En clair : un Etat consent à donner de l'argent à condition que cela profite à ses entreprises.
"L'aide liée peut avoir des conséquences désastreuses", expliquent Nerea Craviotto et Polly Meeks, les auteures d'un rapport sur ce sujet de l'ONG Eurodad. "Elle peut réduire le rapport entre l'argent investi et le résultat atteint, ceci en supprimant la possibilité d'acquérir des marchandises à meilleur prix ou en ayant une meilleure adaptation au contexte local."
L'OCDE estime que cette réduction de la concurrence augmente les coûts des services et marchandises délivrés de 15 à 30%.
Globalement, 22% de l'aide délivrée par le Comité d'aide au développement de l'OCDE est officiellement liée.

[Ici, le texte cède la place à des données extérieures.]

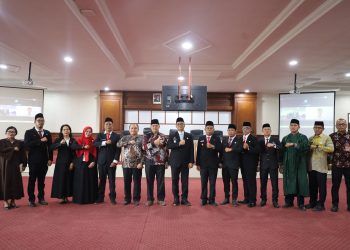 Wakil Wali Kota Tanjungbalai Lantik 9 Pejabat Administrator dan Pengawas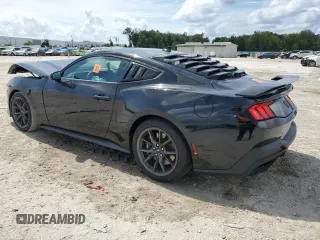2024 Ford Mustang Dark Horse with VIN 1FA6P8R0XR5501426, listed as a Copart auction lot 71788544 with 0 mi miles and Salvage Title. Bid and sale history available at carsss.com. Image 2.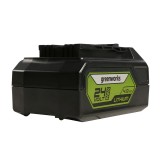 Аккумулятор с USB разъемом Greenworks Арт. 2939307, 24V, 4 Ач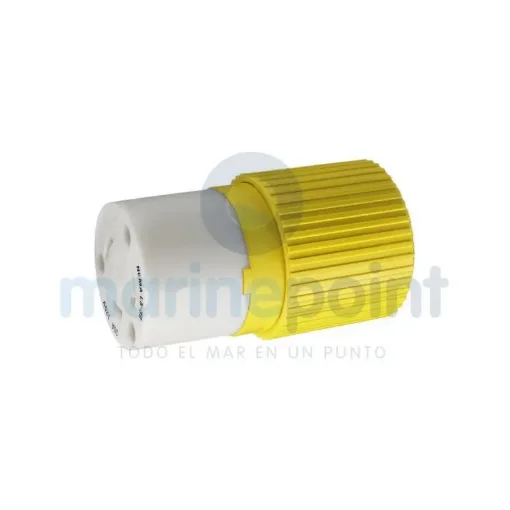 Hubbell Connector 16A 2p 3H 230v - 91000318 product image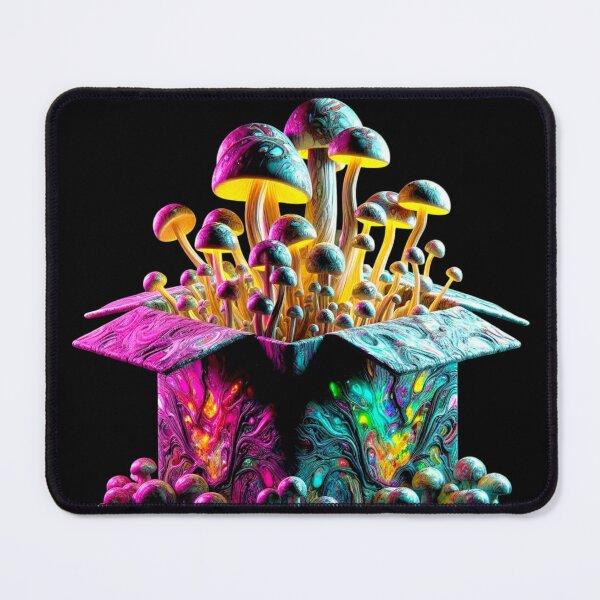 Item preview, Trippy Shroom Box designed and sold by PSYCHEDELIC MAYAN SCIENCE.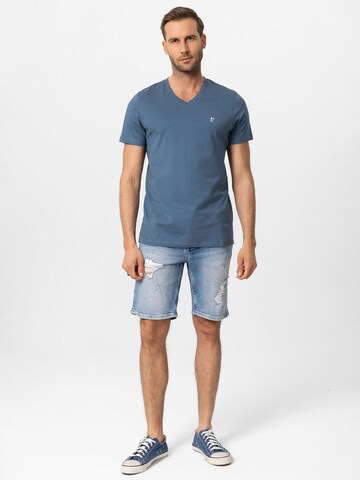 Jacey Quinn Shirt in Blau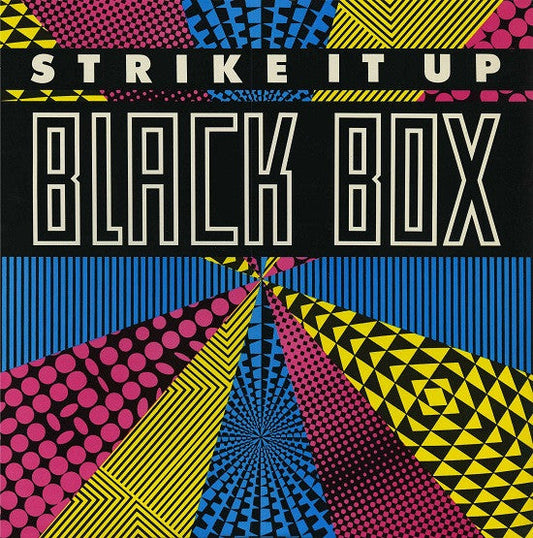 Black Box / Strike It Up - LP 12'' Used - www.Shopthatapp.com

Pourquoi alors la moitié d'un dollar d'aide publique et non pas 22% ?
Parce que la réalité, comme souvent, est plus complexe. Il s'avère ainsi que l'aide considérée comme "non liée”, donc en théorie ouverte à la concurrence, atterrit tout de même dans les poches des entreprises des pays riches.

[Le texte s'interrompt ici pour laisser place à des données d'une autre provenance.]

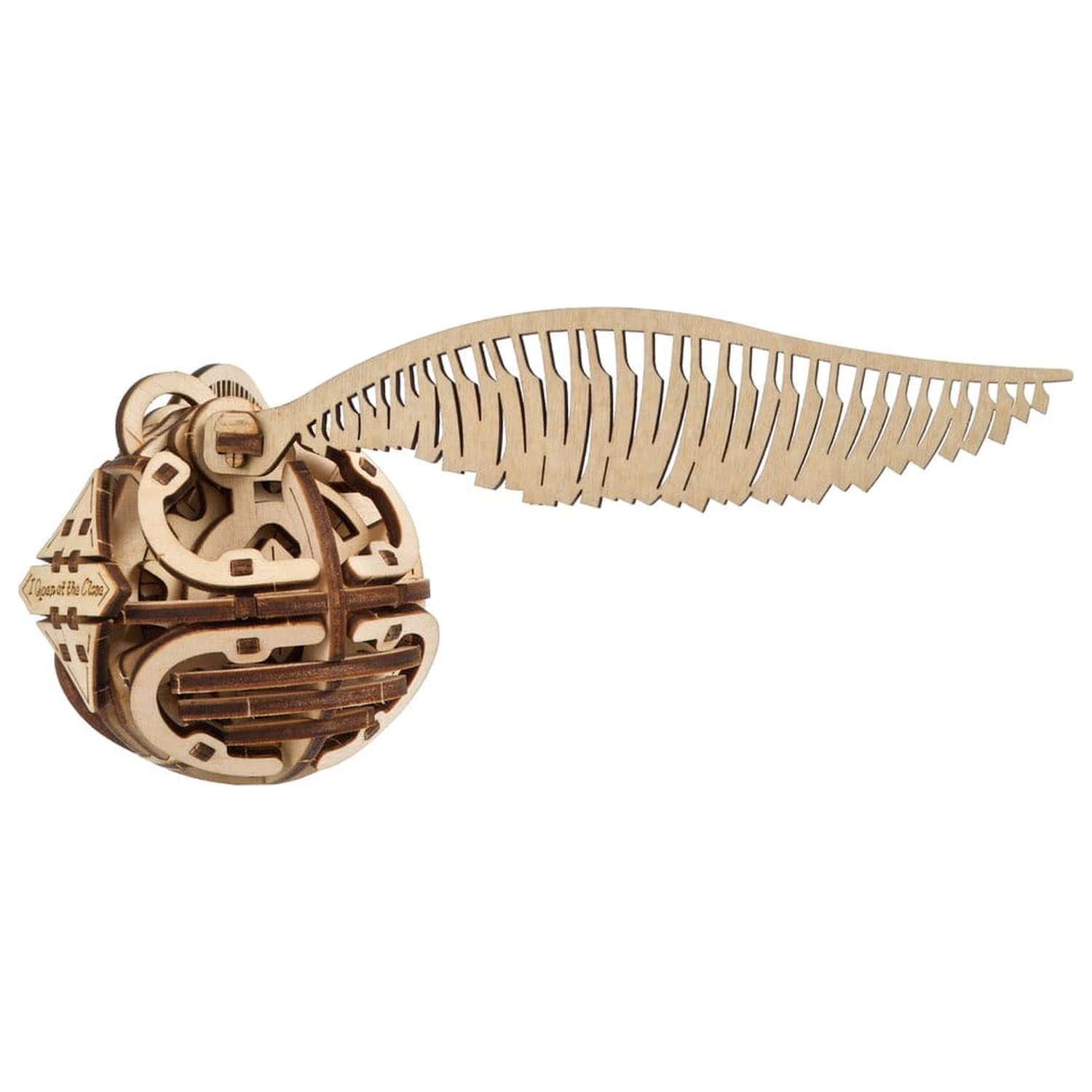 Harry Potter 3D Drvena Slagalica Golden Snitch fotografija proizvoda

Prenons l'exemple de l'Australie : si ce pays n'exige officiellement aucune aide liée, dans les faits 95% des appels d'offres ouverts par l'aide au développement de ce pays sont remportées par... des entreprises australiennes.
Dans le cas de l'Allemagne, 14% de l'aide est officiellement liée et en fin de compte, 19% des contrats sont accordés à des entreprises allemandes, ce qui est relativement peu.

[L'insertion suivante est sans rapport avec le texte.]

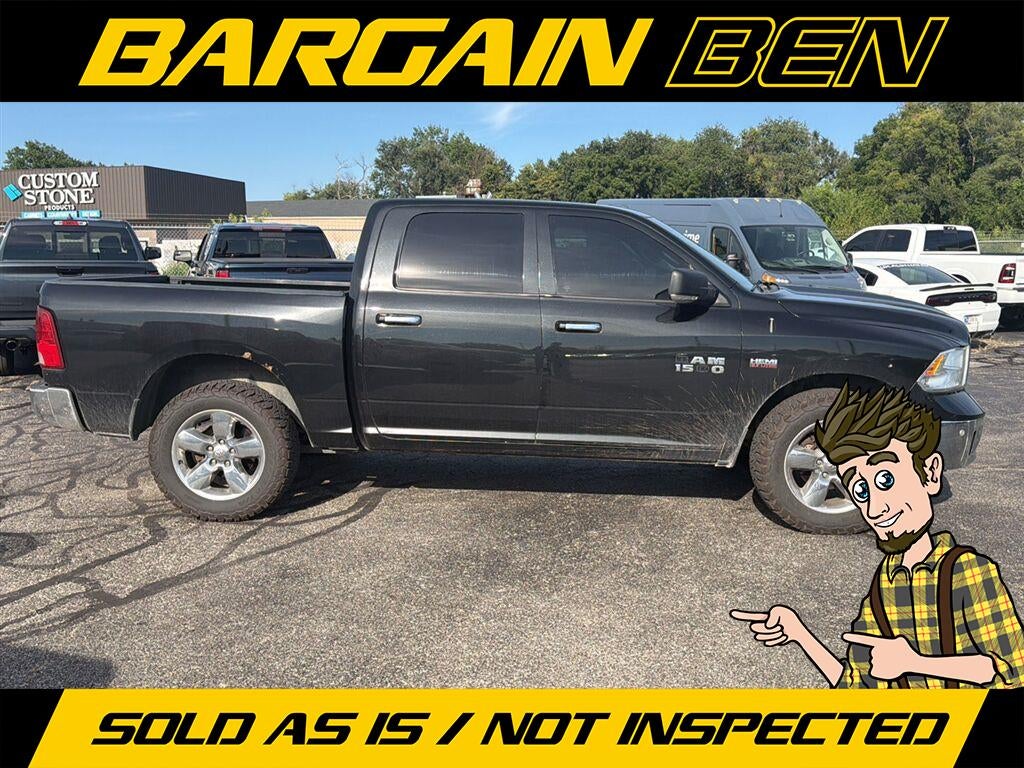 2016 RAM 1500 Big Horn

La liste des contrats accordés par le Comité d'aide au développement de l'OCDE montre ainsi qu'en 2018, 52% ont été remportés par les entreprises des pays donateurs.
On a donc bien la moitié d'un dollar d'aide accordée par les Etats donateurs à leurs propres entreprises.
Si on prend cette fois les contrats remportés par les entreprises des pays les plus pauvres, toujours en 2018, ce rapport chute... à 11%.